What needs to be done
Skip every picture and copy only the lines from the one containing "Tisková konference Andreje" to the final line of the records below.

[[ Data supplied, beginning ]]

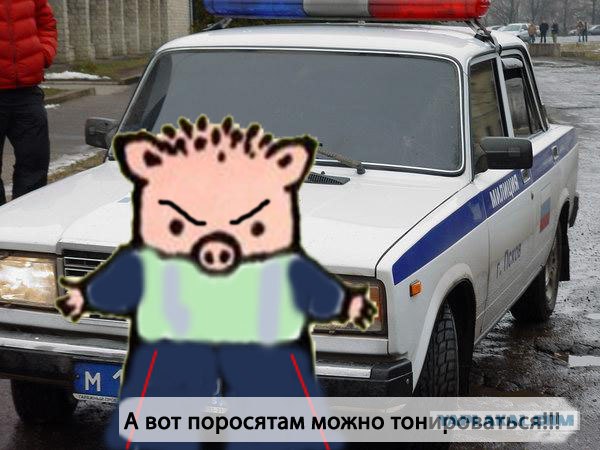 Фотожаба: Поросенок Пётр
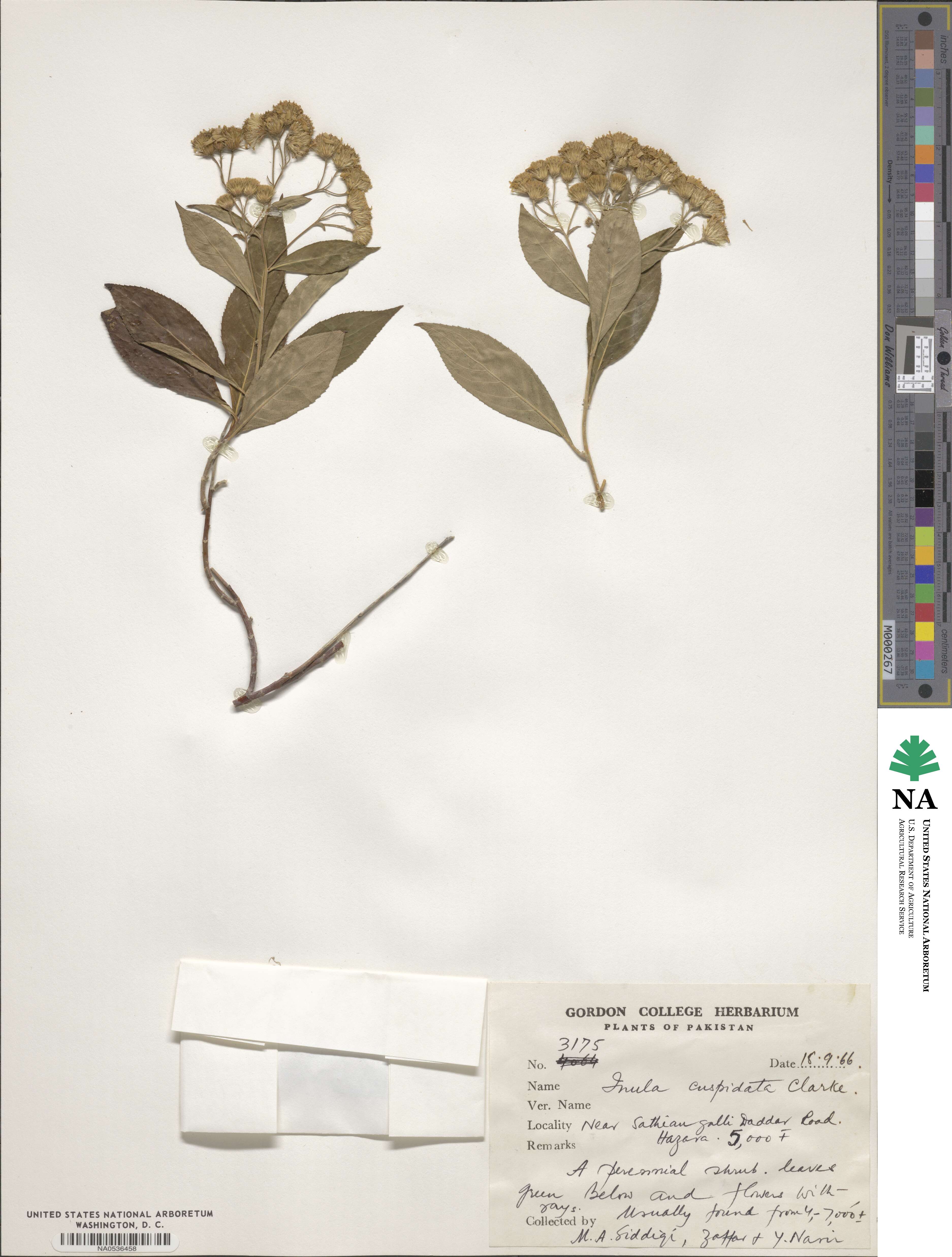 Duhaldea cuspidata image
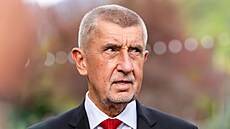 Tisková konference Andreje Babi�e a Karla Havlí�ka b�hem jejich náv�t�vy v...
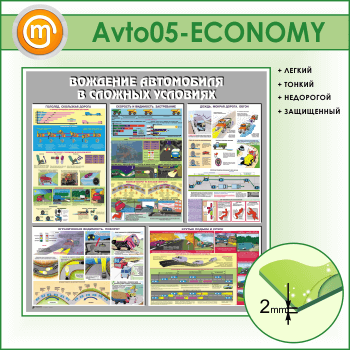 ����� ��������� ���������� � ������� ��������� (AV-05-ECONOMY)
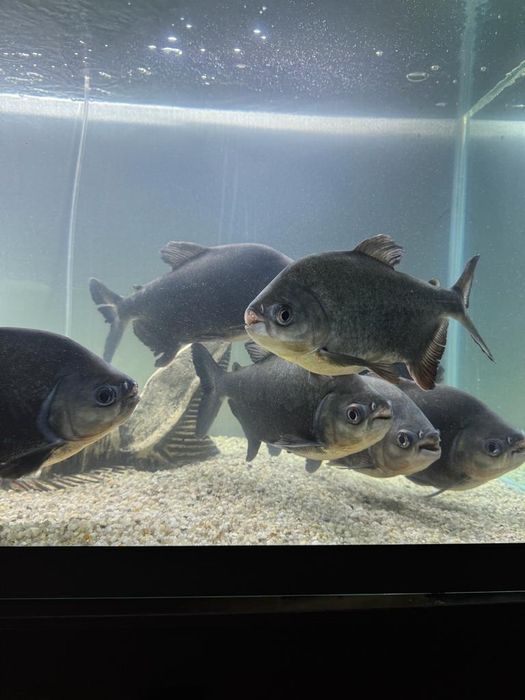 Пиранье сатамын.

[[ Data supplied, end ]]

Response
 Tisková konference Andreje Babi�e a Karla Havlí�ka b�hem jejich náv�t�vy v...
 ����� ��������� ���������� � ������� ��������� (AV-05-ECONOMY)
 Пиранье сатамын.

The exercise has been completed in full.